I had long been obsessing over this DIY project from 7th House on the Left and was finally ready to get to work. While I had originally planned to do a tiling pattern, just like the one in the link, after choosing a printed fabric for the cornice, it seemed like it would be a little too “printy.”
I ended up deciding to mimic the print of the fabric in a larger scale, just outlining a cut out in the same shape as the print in the fabric.
Here is how it turned out:
I am super happy with the results. It provides privacy to the bathroom while maintaining a clean aesthetic and allowing light to pour into the room.
I was also pleased that I didn’t have to cut up a bunch of small pieces! The process was SO quick, I didn’t even remember to take photos until I was practically done!

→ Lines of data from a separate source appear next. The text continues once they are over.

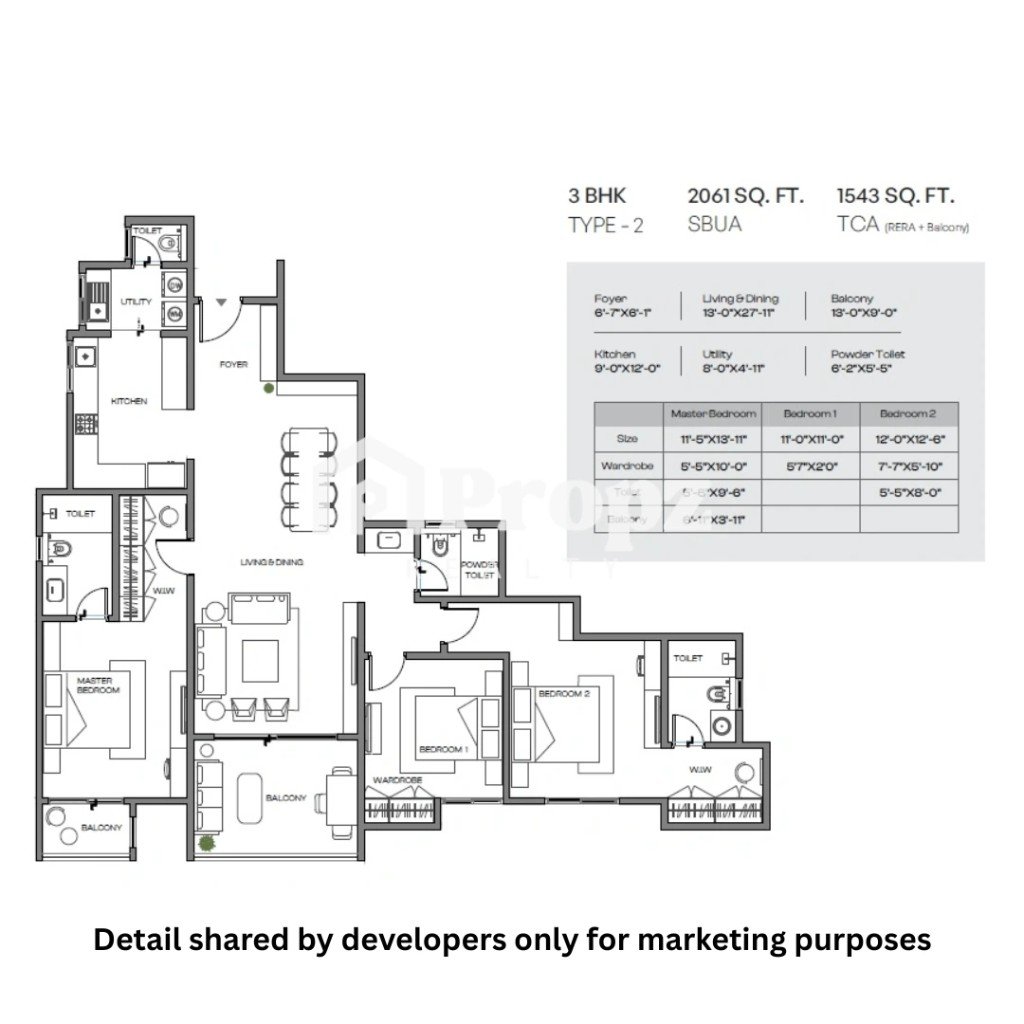 3 BHK floor plan — Assetz Meru & Meadow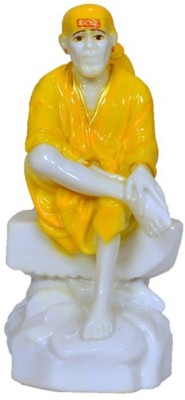 SS Krishna Art Samadhi Mandir Sai Baba Statue Decorative Showpiece  -  10.16 cm(Polyresin, Yellow)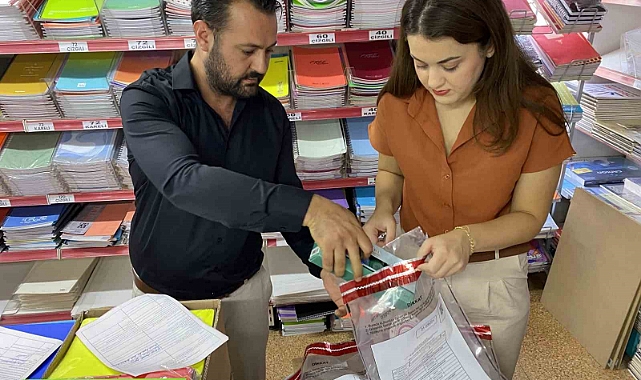 İSTOÇ’ta kırtasiye denetimi, şüpheli ürünlerden numune alındı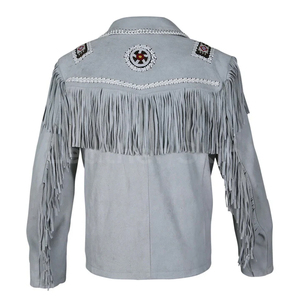Chaqueta de cuero de gamuza estilo occidental personalizada para mujer con flecos y bordados, manga larga, cuello vuelto, para otoño. - Product Image 2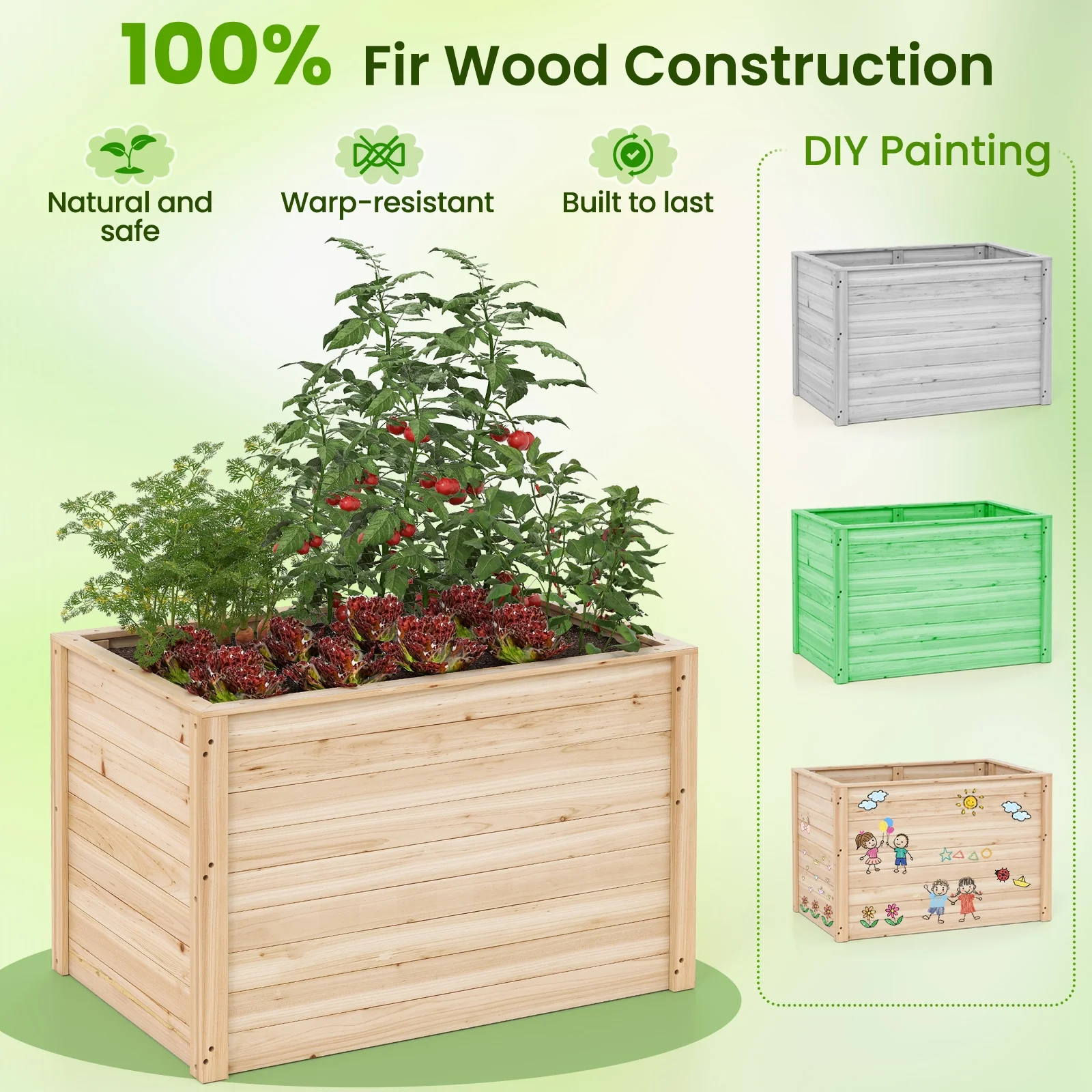 Wooden Raised Garden Bed, Elevated Planter Box, Open-Ended Base - Image 8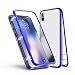 Produktbild Huawei P20 Pro Hülle, Jonwelsy Metallrahmen Magnetische Adsorption Handyhülle mit eingebautem Magnetklappdeckel, Ultra Dünn Gehärtetes Glas Transparente Back Cover für Huawei P20 Pro (Blau)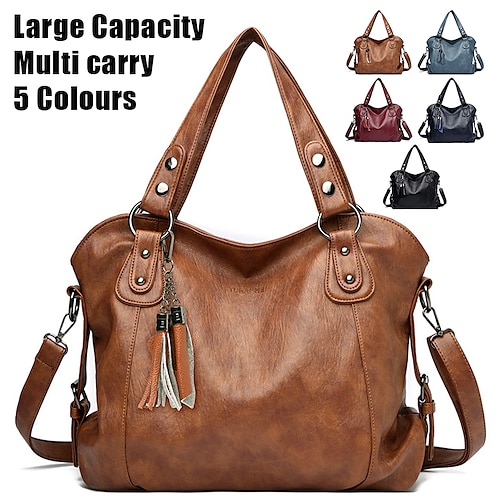 

Women's Handbag Crossbody Bag Shoulder Bag Boston Bag PU Leather Outdoor Daily Holiday Rivet Zipper Large Capacity Waterproof Durable Solid Color claret Lake blue Black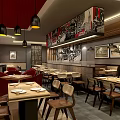 Mother Rice Noodle Restaurant Interior With Patterned Walls Dining Tables And Red Chairs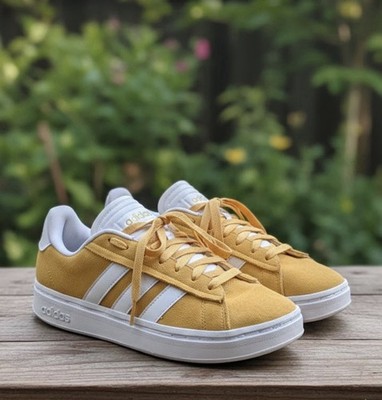 adidas Cloudfoam Yellow White Men's Low Top Comfort Lace Up Sneakers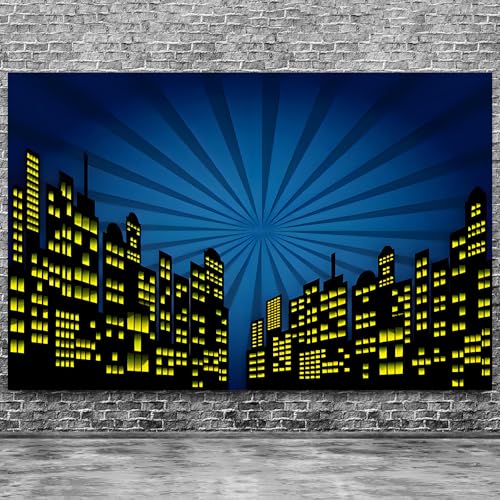 15x8ft Polyester Cartoon Super City Background Skyline Skyscraper Urban Light Photography Backdrop Children Boby Happy Birthday Backdrop Super City Party Photo Studio Props - size: 15x8 FT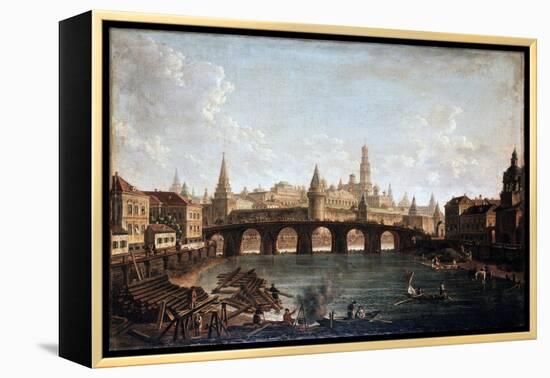 View from the Moscow Kremlin and the Bolshoy Kamenny Bridge (Greater Stone Bridge), 1810S-Fyodor Yakovlevich Alexeev-Framed Premier Image Canvas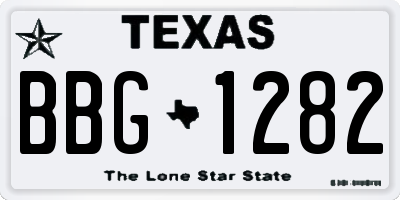 TX license plate BBG1282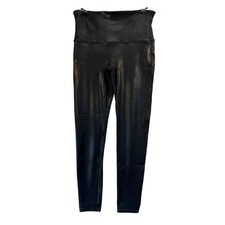 SPANX Faux Leather Leggings Women's XL Black Coated Shaping Pants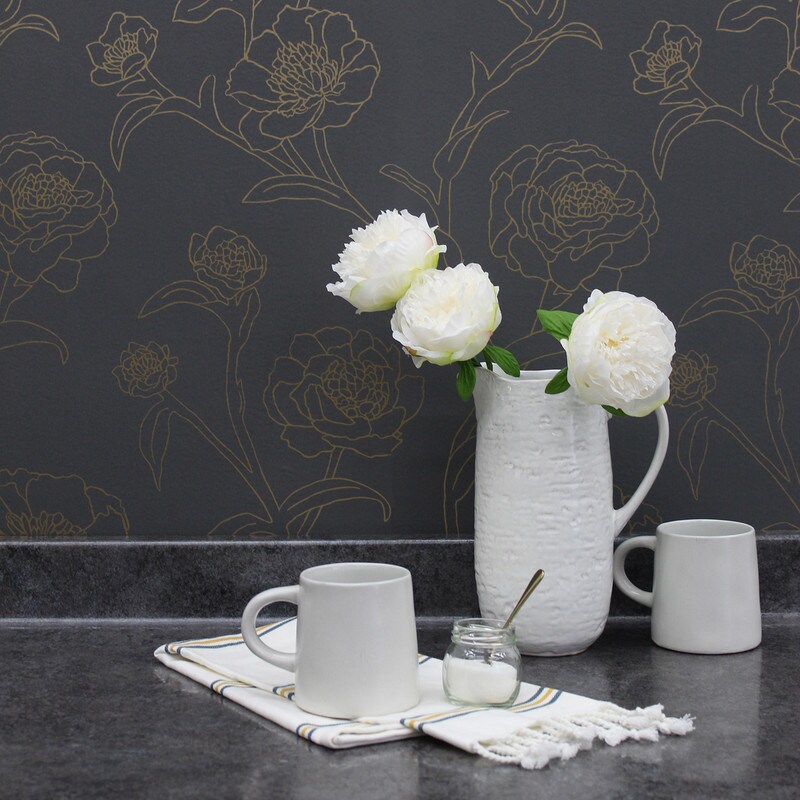 Tempaper Peonies Peel and Stick Wallpaper Noir Slate Grey &#x26; Metallic Gold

The tutorial over at 7th House is pretty easy to follow, but here are a few things I learned from doing this DIY project:
- Larger pieces = more air bubbles to avoid. Peel back the contact paper on a small section and adhere it to the window. Then, peel back the contact paper backing slowly AS you are pressing down the contact paper.
- Make sure your window is SUPER clean and your work space is super clean. Any smudges will show through the contact paper and little dust particles floating around will be your worst enemy.
- For the first window, I removed the window and with such large pieces, it seemed like more trouble than it was worth. For the second window, I installed the contact paper onto the vertical window and it seemed to work just fine (plus, I seemed to avoid as many dust particles).
Here is how to made this particular design pattern:
- Cut the contact paper to the dimensions of your window
- Draw a rectangle with a 1″ border on the backing side of the contact paper
- Draw a second rectangle with a 1/2″ border to the first rectangle
- Measure 1″ up from the outside rectangle in each corner and place a small circle object (I used circle cookie/biscuit cutters) and trace over it. Place a slightly larger (mine are about 1/2″ apart) circle object over that (centered) and trace another circle.
- Fill in the space in between the two rectangles and circles that you will cut out, so you won’t make a mistake when you are doing the cutting!
I used an X-acto knife to cut mine (on a mat cutting board, but you can cut it on some cardboard) and it was pretty quick and painless. Applying the contact paper to the window took much more time than cutting the contact paper.
The best part is, this is completely temporary, so if you decide later you want a different pattern or even if you make a mistake during the application process, you can easily peel it back and start over. And with contact paper costing under $10 a roll, this is the cheapest DIY project EVER!